Além do prefeito, estavam presentes autoridades civis e militares representando o governo italiano, como o Comandante da Base Aérea de Istrana (que opera a aeronave italo-brasileira AMX e é a organização da Força Aérea Italiana mais próxima de Spilimbergo); o Coronel Aviador Massimiliano Pasqua; o Comandante do 32º Regimento de Carros de Combate do Exército Italiano, Coronel Paolo Fanin; e o Comandante do Depósito de Munições de Spilimbergo, Tenente-Coronel Antonio Boccongelli, entre outros.

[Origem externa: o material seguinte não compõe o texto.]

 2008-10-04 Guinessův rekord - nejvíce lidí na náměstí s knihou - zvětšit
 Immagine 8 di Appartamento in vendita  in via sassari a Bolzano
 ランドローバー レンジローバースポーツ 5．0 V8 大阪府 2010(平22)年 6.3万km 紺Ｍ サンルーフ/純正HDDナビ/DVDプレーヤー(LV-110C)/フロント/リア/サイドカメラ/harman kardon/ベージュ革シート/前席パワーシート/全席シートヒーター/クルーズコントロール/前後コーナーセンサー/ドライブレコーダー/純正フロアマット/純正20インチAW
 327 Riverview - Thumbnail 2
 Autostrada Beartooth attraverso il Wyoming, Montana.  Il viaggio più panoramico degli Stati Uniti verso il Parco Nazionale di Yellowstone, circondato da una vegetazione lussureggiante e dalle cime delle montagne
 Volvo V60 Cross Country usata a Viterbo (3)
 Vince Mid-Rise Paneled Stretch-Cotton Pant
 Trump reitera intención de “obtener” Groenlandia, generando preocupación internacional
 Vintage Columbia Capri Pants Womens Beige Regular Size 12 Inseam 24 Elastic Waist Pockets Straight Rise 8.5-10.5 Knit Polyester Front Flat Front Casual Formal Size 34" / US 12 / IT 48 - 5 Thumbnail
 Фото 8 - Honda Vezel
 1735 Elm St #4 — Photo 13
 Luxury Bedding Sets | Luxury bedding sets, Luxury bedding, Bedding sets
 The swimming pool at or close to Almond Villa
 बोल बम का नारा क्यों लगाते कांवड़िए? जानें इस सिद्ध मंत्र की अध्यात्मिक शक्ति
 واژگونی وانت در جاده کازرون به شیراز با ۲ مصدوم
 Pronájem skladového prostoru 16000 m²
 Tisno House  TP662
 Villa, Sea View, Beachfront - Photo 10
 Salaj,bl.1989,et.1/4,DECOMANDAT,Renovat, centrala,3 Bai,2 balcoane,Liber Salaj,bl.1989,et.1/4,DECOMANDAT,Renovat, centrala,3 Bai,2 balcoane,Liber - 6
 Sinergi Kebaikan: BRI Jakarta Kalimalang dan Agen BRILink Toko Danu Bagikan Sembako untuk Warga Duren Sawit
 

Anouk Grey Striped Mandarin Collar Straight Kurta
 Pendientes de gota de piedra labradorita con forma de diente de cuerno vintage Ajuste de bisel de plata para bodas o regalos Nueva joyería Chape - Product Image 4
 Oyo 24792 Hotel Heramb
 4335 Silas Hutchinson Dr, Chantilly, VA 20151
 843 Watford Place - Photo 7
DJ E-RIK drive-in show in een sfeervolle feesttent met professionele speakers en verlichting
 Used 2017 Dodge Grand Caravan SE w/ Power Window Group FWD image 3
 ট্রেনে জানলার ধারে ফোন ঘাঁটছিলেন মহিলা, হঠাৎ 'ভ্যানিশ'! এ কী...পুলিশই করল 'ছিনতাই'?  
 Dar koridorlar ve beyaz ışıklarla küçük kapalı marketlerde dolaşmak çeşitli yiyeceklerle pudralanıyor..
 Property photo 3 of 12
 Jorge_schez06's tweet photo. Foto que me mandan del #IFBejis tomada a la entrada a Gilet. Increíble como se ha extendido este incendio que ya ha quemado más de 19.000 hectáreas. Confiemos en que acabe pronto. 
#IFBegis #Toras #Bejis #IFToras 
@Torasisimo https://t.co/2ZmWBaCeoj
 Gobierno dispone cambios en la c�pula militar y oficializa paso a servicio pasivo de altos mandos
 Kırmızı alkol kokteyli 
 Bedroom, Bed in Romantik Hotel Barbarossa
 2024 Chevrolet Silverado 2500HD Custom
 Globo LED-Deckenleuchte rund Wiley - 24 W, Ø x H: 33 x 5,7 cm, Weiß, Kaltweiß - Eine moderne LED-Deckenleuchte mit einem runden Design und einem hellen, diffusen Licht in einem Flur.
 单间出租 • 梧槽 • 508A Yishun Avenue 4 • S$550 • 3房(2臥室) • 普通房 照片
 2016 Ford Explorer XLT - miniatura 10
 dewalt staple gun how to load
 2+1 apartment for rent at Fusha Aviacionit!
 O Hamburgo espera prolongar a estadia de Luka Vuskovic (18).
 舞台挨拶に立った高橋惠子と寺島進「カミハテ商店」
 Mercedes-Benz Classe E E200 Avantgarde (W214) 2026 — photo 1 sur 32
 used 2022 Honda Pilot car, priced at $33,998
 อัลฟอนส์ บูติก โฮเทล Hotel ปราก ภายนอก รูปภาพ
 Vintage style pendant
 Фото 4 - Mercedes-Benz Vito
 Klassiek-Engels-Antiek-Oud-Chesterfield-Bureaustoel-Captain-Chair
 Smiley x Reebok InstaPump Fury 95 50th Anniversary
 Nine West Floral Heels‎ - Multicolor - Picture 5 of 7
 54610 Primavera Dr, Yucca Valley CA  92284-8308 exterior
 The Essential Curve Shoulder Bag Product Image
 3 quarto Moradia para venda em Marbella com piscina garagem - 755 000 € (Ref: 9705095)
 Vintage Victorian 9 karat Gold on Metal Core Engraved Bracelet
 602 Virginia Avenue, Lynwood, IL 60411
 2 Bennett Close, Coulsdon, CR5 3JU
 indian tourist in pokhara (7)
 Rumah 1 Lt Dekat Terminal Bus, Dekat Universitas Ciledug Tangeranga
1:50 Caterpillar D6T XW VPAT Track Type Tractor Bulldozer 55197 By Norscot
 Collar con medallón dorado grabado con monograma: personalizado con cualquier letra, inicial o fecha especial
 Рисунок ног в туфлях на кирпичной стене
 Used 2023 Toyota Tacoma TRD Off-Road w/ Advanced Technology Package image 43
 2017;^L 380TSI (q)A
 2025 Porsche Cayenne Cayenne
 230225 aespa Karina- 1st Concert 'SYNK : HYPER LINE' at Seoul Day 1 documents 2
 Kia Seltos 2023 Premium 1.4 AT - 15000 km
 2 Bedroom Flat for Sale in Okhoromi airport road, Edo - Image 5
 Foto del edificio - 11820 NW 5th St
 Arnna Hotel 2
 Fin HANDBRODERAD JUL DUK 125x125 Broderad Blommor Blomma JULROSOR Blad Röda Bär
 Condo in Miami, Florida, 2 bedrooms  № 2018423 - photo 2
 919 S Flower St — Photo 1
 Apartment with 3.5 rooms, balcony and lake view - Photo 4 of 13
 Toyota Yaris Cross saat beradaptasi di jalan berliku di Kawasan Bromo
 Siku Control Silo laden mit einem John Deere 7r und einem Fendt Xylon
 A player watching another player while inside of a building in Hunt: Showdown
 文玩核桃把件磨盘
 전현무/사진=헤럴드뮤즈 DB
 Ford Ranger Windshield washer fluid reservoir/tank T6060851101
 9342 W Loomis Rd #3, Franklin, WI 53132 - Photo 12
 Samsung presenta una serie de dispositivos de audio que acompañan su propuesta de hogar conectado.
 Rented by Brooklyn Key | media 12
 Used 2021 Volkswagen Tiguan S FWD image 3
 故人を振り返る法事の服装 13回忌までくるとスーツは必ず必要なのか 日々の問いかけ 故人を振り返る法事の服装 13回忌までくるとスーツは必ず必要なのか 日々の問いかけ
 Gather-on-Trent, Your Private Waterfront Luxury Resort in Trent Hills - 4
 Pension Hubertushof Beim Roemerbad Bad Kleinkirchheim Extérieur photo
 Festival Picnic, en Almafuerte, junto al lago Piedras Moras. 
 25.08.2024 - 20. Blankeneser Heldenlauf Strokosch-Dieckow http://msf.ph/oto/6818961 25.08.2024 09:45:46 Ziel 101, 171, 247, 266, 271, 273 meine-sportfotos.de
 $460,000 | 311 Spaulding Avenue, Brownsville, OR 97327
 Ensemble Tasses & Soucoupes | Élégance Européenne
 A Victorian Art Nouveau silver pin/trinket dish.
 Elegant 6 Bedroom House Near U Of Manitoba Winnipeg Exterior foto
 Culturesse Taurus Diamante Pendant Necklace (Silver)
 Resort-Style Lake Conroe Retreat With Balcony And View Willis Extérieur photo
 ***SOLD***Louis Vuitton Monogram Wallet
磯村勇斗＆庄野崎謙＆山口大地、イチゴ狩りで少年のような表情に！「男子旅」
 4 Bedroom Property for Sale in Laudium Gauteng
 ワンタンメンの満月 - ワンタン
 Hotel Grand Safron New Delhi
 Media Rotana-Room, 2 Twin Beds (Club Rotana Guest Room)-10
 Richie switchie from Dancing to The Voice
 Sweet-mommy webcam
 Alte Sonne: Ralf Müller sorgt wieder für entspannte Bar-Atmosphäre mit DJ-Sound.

Da parte brasileira, compareceram o Cônsul-Geral do Brasil em Milão, Embaixador Eduardo dos Santos; o Adido de Defesa e Aeronáutico do Brasil na Itália, Coronel Aviador Reginaldo Pontirolli; o Adido Naval do Brasil na Itália, Capitão de Mar e Guerra Rodolfo Gois de Almeida, e a Cônsul Honorária do Brasil em Trieste, Judith Moura.

O Embaixador Eduardo dos Santos ressaltou que a homenagem é motivo de orgulho. “A cerimônia deve ser reverenciada, comemorada e divulgada, pois o Brasil e os brasileiros lutaram pela liberdade e democracia no mundo”, disse.

“Parabenizo a Força Aérea Brasileira e o Ministério da Defesa pela organização da solenidade, que consolida uma profunda amizade entre o Brasil e a Itália, para além do nível militar e de governo, extrapolando para o nível de povo e sociedade”, completou.

O Coronel Pontirolli destaca que é dever das futuras gerações conhecer e divulgar a história e reverenciar a memória do militar, cujo sacrifício deve ser motivo de orgulho para todos os brasileiros.

“A Adidância na Itália tem um papel adicional em comparação às demais, com a particularidade e incumbência de manter e desenvolver intensa atividade militar-diplomática, organizando diversas cerimônias cívico-militares para a manutenção da memória dos heróis brasileiros que vieram lutar e sacrificar suas vidas na Itália”, explicou.

Ainda, compareceram à cerimônia diversas Associações representativas dos militares e ex-combatentes de guerra italianos, assim como moradores de Spilimbergo e região.



História

No dia 13 de abril de 1945, há 74 anos, o Tenente Aviador Frederico Gustavo dos Santos, com apenas 20 anos, mas já com 43 missões de guerra, marcava a história da cidade de Spilimbergo e entrava para a galeria dos heróis da FAB, quando ofereceu sua vida em sacrifício pela liberdade dos cidadãos italianos.

Sua missão era atacar e destruir um depósito de munições que estava em poder dos nazistas, dentro do território italiano. O depósito estava tão cheio de munições que as chamas da explosão resultante do ataque se ergueram à sua frente. O aviador continuou seu ataque, passando em meio às chamas com sua aeronave, que tomada pelo fogo, caiu logo depois, resultando em sua morte.